(What you will do):
Somewhere below is a line with "Helicopter Tour Over" and, later, a line with "Abodebed - Bright, Modern"; repeat those two lines and all the lines between them, exactly as they are.
Listed entries below:
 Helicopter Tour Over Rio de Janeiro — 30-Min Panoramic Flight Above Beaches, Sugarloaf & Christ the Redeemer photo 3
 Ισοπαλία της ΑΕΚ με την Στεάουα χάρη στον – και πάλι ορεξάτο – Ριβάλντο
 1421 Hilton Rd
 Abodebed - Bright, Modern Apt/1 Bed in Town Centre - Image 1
End of Listed entries.
Listed entries below:
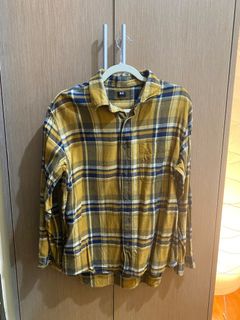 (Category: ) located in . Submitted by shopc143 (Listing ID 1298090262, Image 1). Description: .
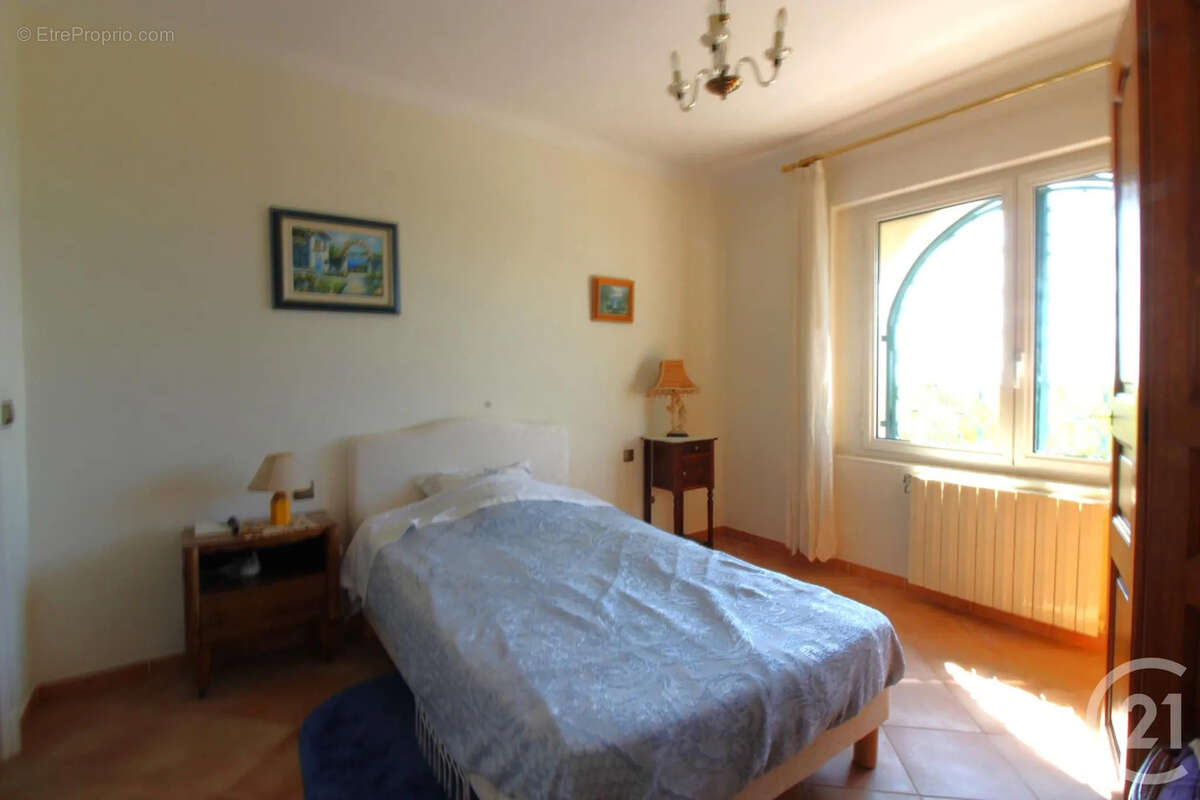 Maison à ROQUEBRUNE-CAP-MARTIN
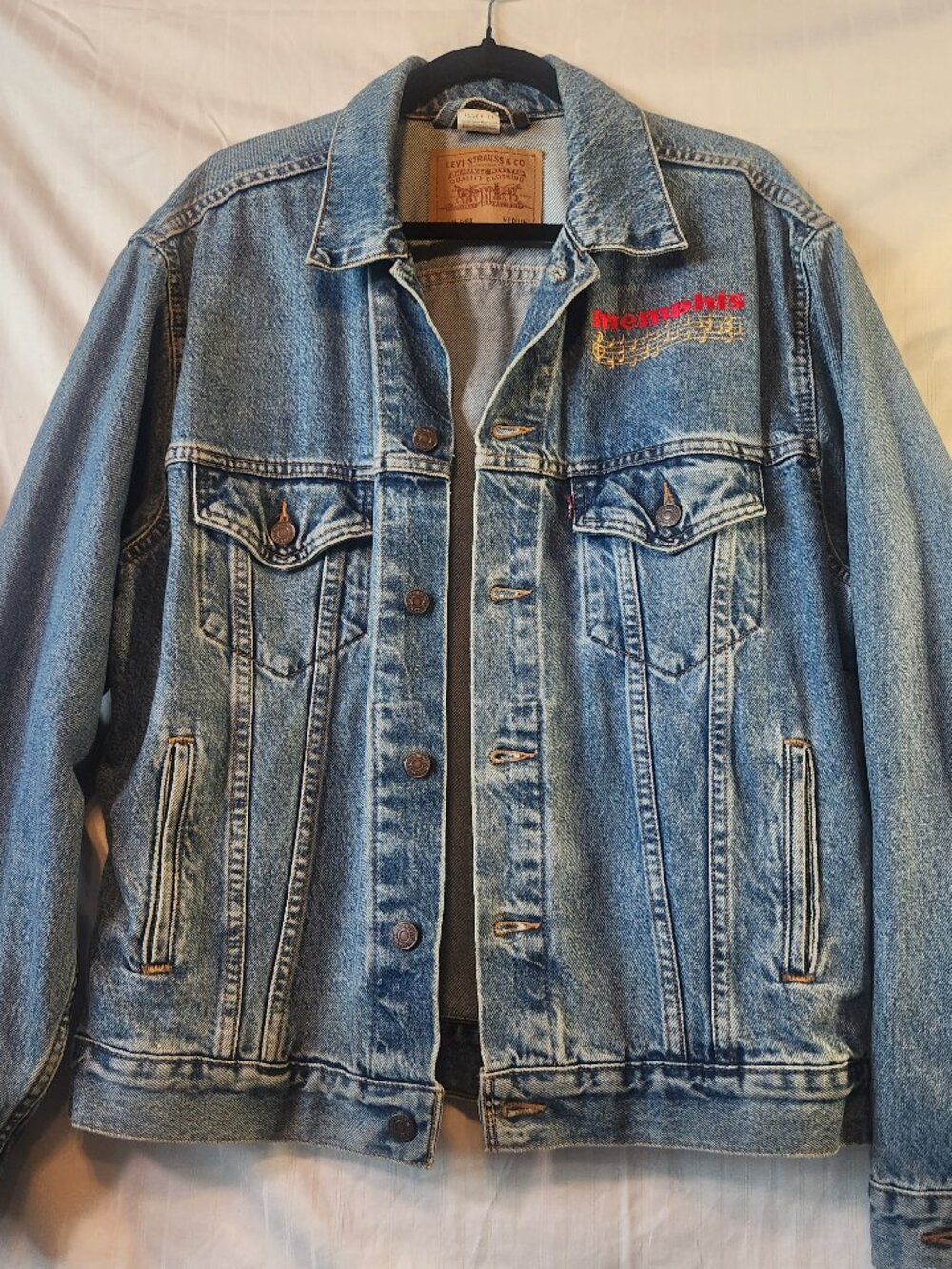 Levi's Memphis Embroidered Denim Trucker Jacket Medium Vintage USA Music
End of Listed entries.
(Response to this task):
 Helicopter Tour Over Rio de Janeiro — 30-Min Panoramic Flight Above Beaches, Sugarloaf & Christ the Redeemer photo 3
 Ισοπαλία της ΑΕΚ με την Στεάουα χάρη στον – και πάλι ορεξάτο – Ριβάλντο
 1421 Hilton Rd
 Abodebed - Bright, Modern Apt/1 Bed in Town Centre - Image 1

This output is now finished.